> Data section
-*-*-
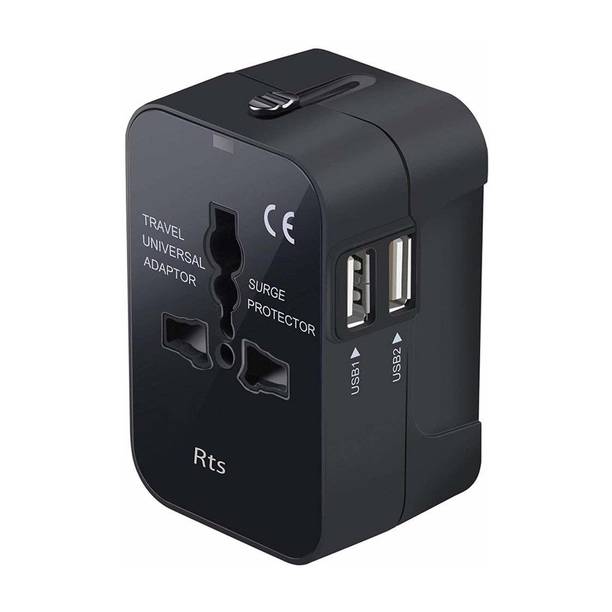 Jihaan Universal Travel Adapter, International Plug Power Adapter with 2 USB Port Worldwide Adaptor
-*-*-
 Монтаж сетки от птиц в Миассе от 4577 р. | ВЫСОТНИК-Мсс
-*-*-
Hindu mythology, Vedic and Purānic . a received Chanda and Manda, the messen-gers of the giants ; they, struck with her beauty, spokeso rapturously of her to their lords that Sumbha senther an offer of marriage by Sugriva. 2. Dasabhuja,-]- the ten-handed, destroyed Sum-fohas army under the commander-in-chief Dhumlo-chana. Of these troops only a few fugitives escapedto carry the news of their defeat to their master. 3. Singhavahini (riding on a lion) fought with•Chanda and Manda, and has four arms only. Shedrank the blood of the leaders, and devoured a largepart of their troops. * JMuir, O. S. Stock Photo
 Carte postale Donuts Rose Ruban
-*-*-
> Your objective
Using the records above, set down exactly the lines from the one with "Hindu mythology, Vedic" through the one with "Carte postale Donuts Rose Ruban", inclusive, and nothing more.

> Written reply
Hindu mythology, Vedic and Purānic . a received Chanda and Manda, the messen-gers of the giants ; they, struck with her beauty, spokeso rapturously of her to their lords that Sumbha senther an offer of marriage by Sugriva. 2. Dasabhuja,-]- the ten-handed, destroyed Sum-fohas army under the commander-in-chief Dhumlo-chana. Of these troops only a few fugitives escapedto carry the news of their defeat to their master. 3. Singhavahini (riding on a lion) fought with•Chanda and Manda, and has four arms only. Shedrank the blood of the leaders, and devoured a largepart of their troops. * JMuir, O. S. Stock Photo
 Carte postale Donuts Rose Ruban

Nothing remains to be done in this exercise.